Details
Description
In 'Running a Job Using RecordService' section of installOnCluster page, there are some commands which should not be in one row and require wrap:
Log in to one of the nodes in your cluster, and load test data:
wget -q --no-clobber \
https://s3-us-west-1.amazonaws.com/recordservice-vm/tpch.tar.gz
tar -xzf tpch.tar.gz
hadoop fs -mkdir -p /test-warehouse/tpch.nation
hadoop fs -put -f tpch/nation/* /test-warehouse/tpch.nation/
impala-shell -f create-tbls.sql
Run a MapReduce job for RecordCount on tpch.nation:
hadoop jar /path/to/recordservice-examples-0.1.jar \ com.cloudera.recordservice.examples.mapreduce.RecordCount \
"SELECT * FROM tpch.nation" "/tmp/recordcount_output"

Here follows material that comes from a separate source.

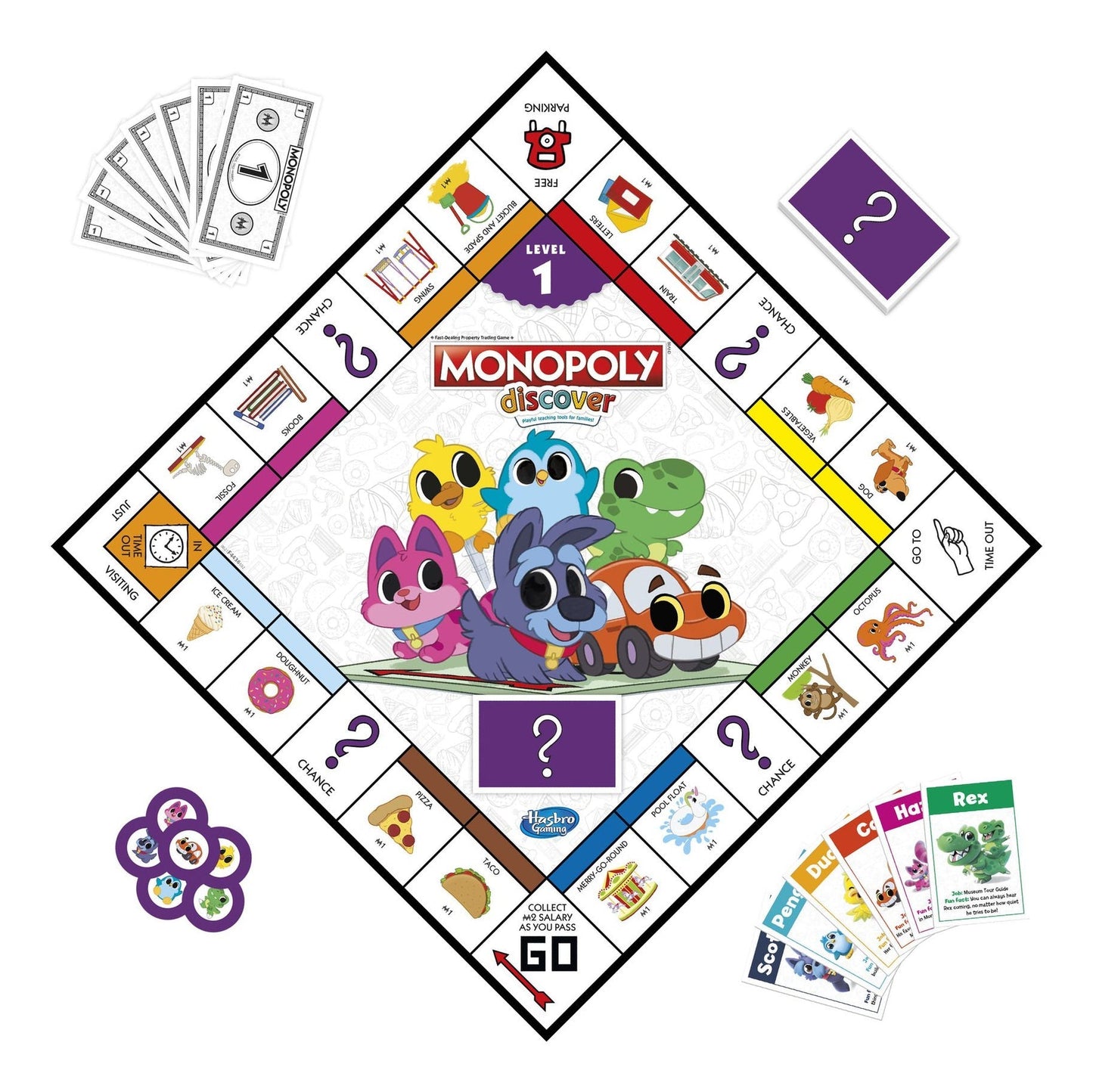 My First Monopoli Game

Start spark-shell with the RecordService JAR:
path/to/spark/bin/spark-shell \
--conf spark.recordservice.planner.hostports=planner_host:planner_port \
--jars /path/to/recordservice-examples-spark-0.1.jar
scala> import com.cloudera.recordservice.spark._
import com.cloudera.recordservice.spark._
scala> val data = sc.recordServiceRecords("select * from tpch.nation")
data: org.apache.spark.rdd.RDD[Array[org.apache.hadoop.io.Writable]] = \ RecordServiceRDD[0] at RDD at RecordServiceRDDBase.scala:57
scala> data.count()
res0: Long = 25